• _EXERCISE INSTRUCTIONS_
Transcribe every line of the material below exactly, leaving out the pictures.

• _STUDY MATERIAL_
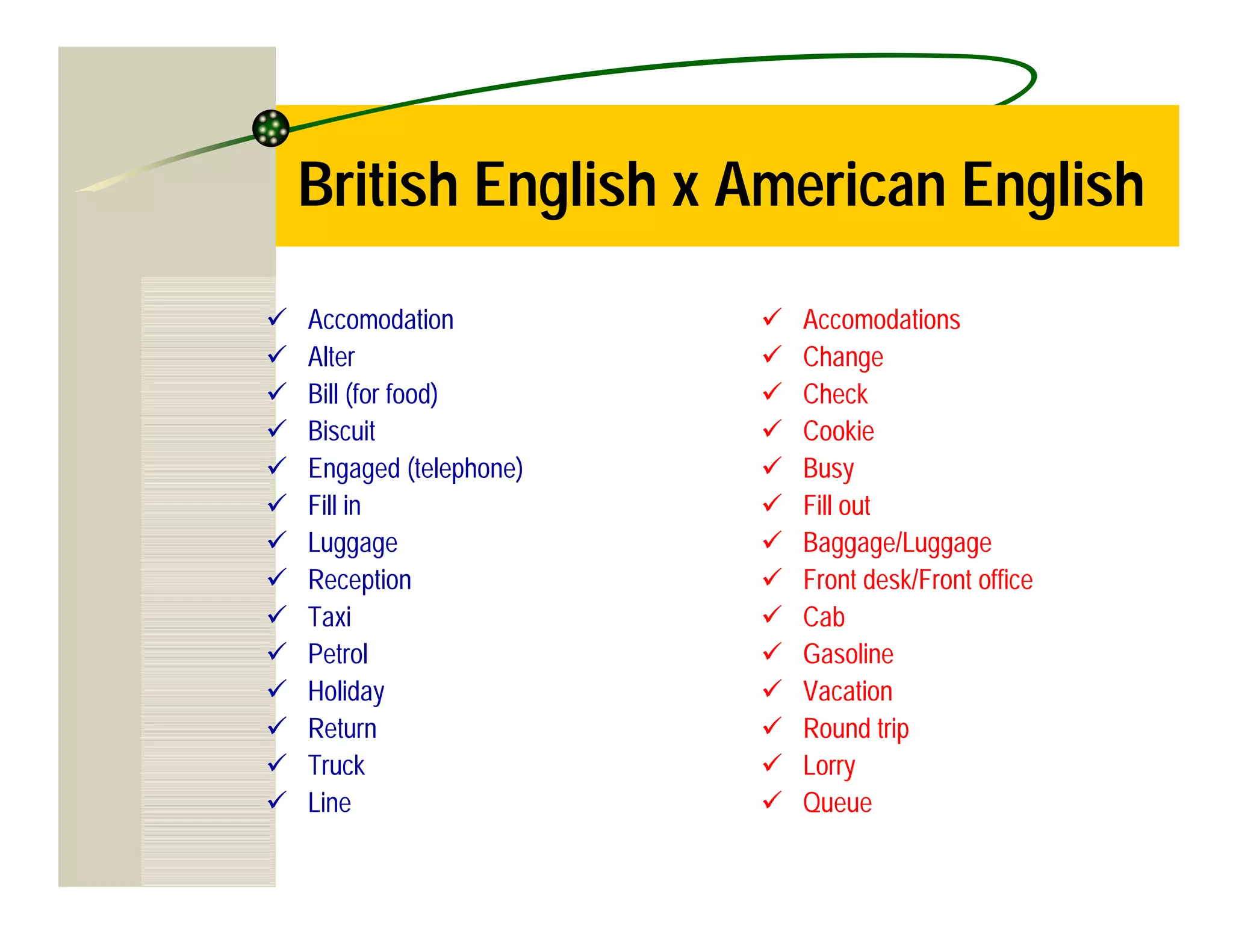 British English x American English
Accomodation          Accomodations
Alter                 Change
Bill (for food)       Check
Biscuit               Cookie
Engaged (telephone)   Busy
Fill in               Fill out
Luggage               Baggage/Luggage
Reception             Front desk/Front office
Taxi                  Cab
Petrol                Gasoline
Holiday               Vacation
Return                Round trip
Truck                 Lorry
Line                  Queue
 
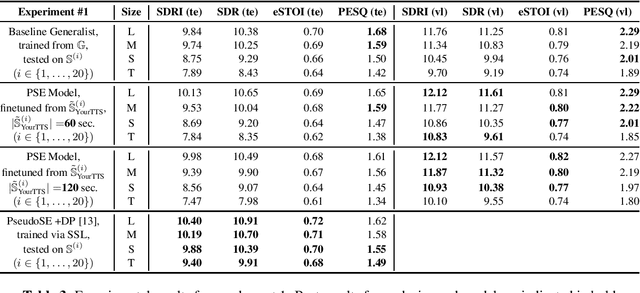 Figure 3 for The Potential of Neural Speech Synthesis-based Data Augmentation for Personalized Speech Enhancement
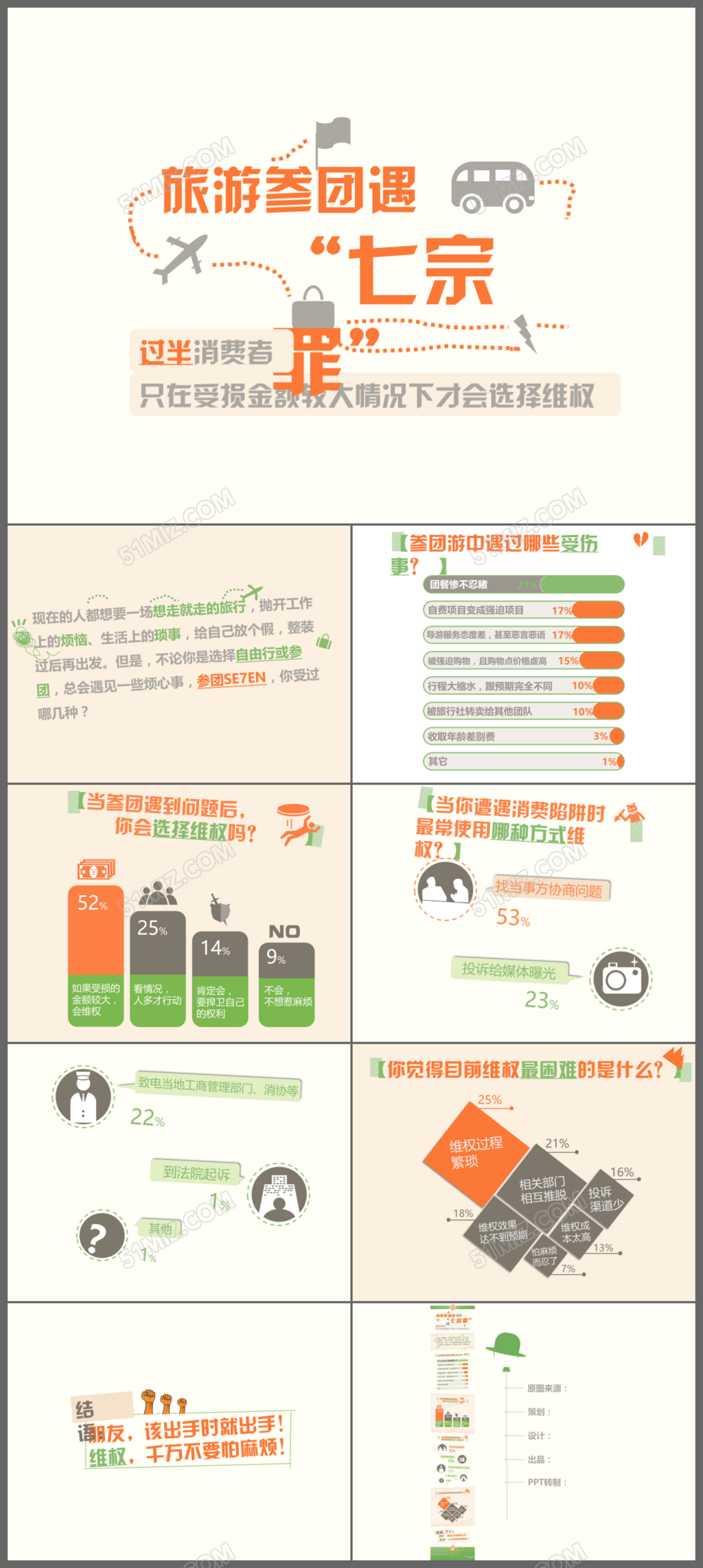简约精致扁平化旅游参团遇七宗罪商务通用动画PPT模板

• _TASK SOLUTION_
 British English x American English
Accomodation          Accomodations
Alter                 Change
Bill (for food)       Check
Biscuit               Cookie
Engaged (telephone)   Busy
Fill in               Fill out
Luggage               Baggage/Luggage
Reception             Front desk/Front office
Taxi                  Cab
Petrol                Gasoline
Holiday               Vacation
Return                Round trip
Truck                 Lorry
Line                  Queue
 
 Figure 3 for The Potential of Neural Speech Synthesis-based Data Augmentation for Personalized Speech Enhancement
简约精致扁平化旅游参团遇七宗罪商务通用动画PPT模板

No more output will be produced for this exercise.